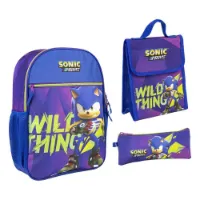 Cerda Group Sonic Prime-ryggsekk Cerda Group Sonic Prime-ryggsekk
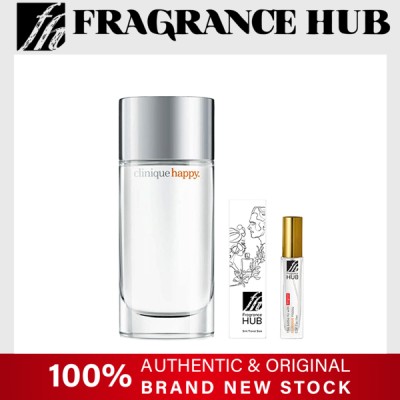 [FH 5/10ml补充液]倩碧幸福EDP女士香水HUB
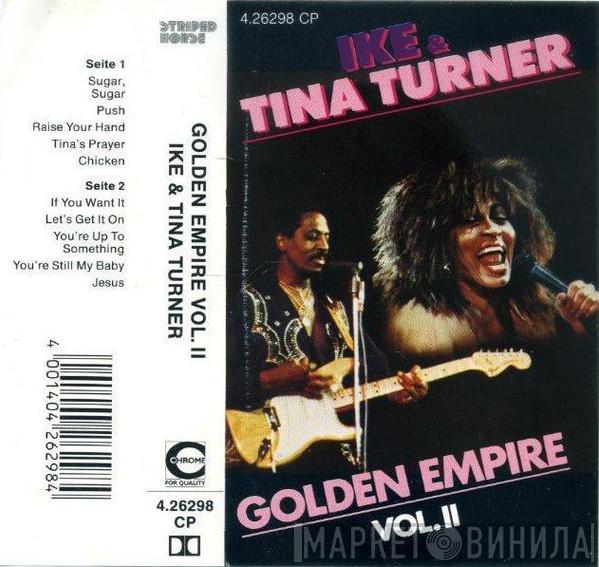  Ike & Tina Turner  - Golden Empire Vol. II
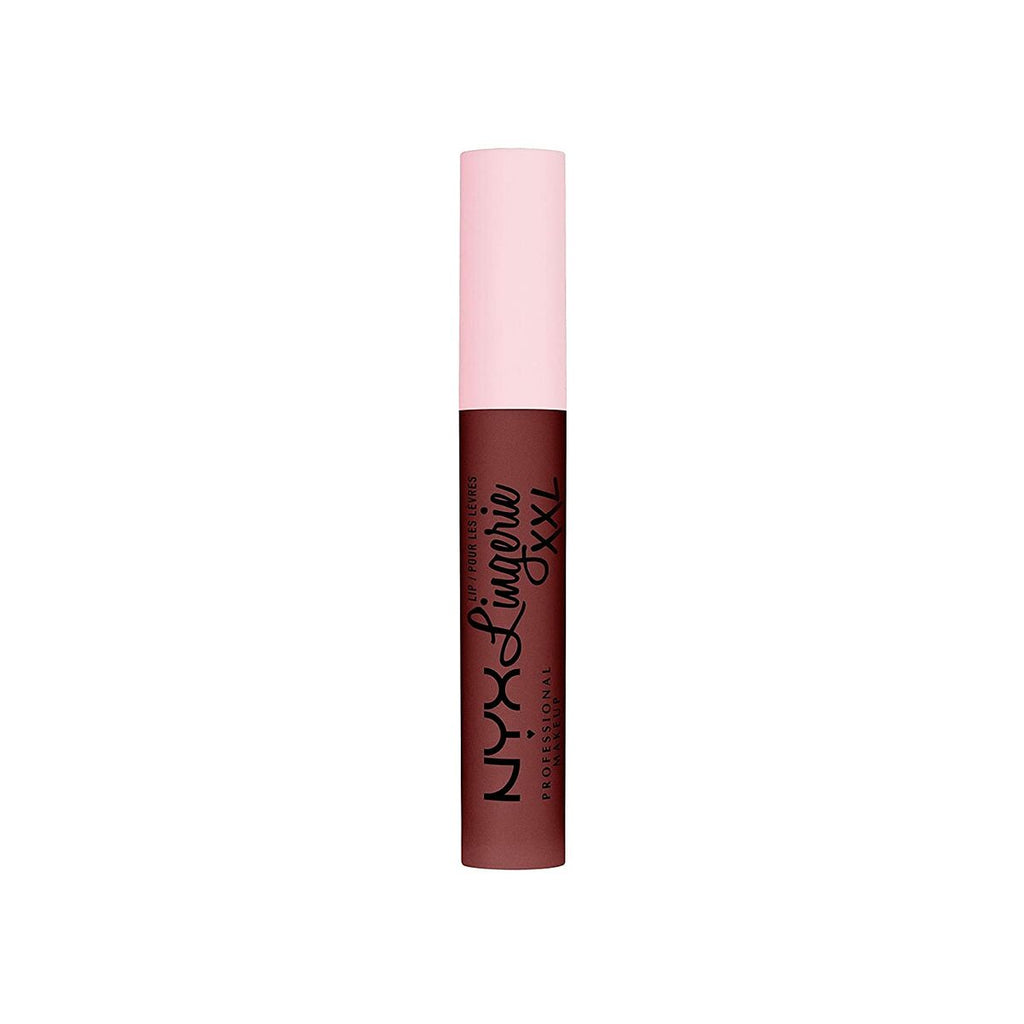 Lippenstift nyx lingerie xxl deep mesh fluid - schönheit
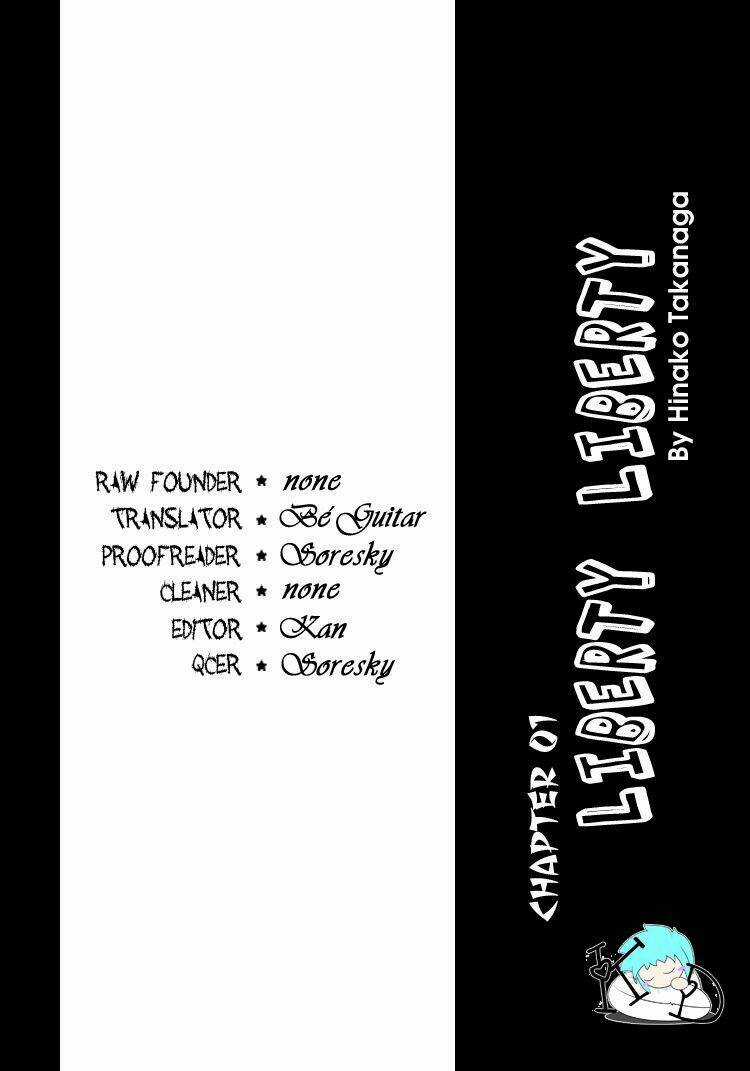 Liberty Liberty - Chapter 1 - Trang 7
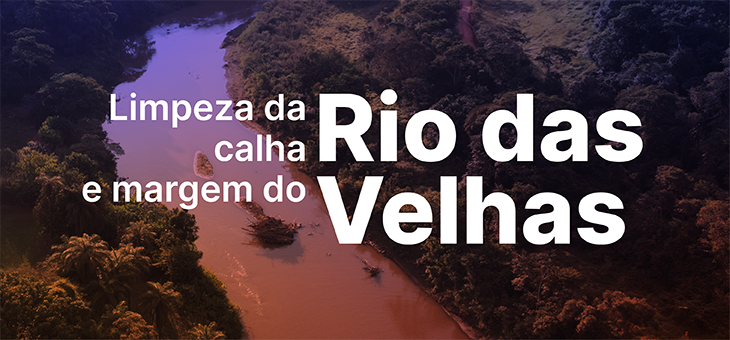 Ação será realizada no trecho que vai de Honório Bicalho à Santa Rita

◆ Task directions ◆
Excluding the pictures, retype the line containing "[FH 5/10ml补充液]倩碧幸福EDP女士香水HUB" and all lines after it down to the end of the data above.

◆ Expected answer ◆
 [FH 5/10ml补充液]倩碧幸福EDP女士香水HUB
  Ike & Tina Turner  - Golden Empire Vol. II
 Lippenstift nyx lingerie xxl deep mesh fluid - schönheit
 Liberty Liberty - Chapter 1 - Trang 7
 Ação será realizada no trecho que vai de Honório Bicalho à Santa Rita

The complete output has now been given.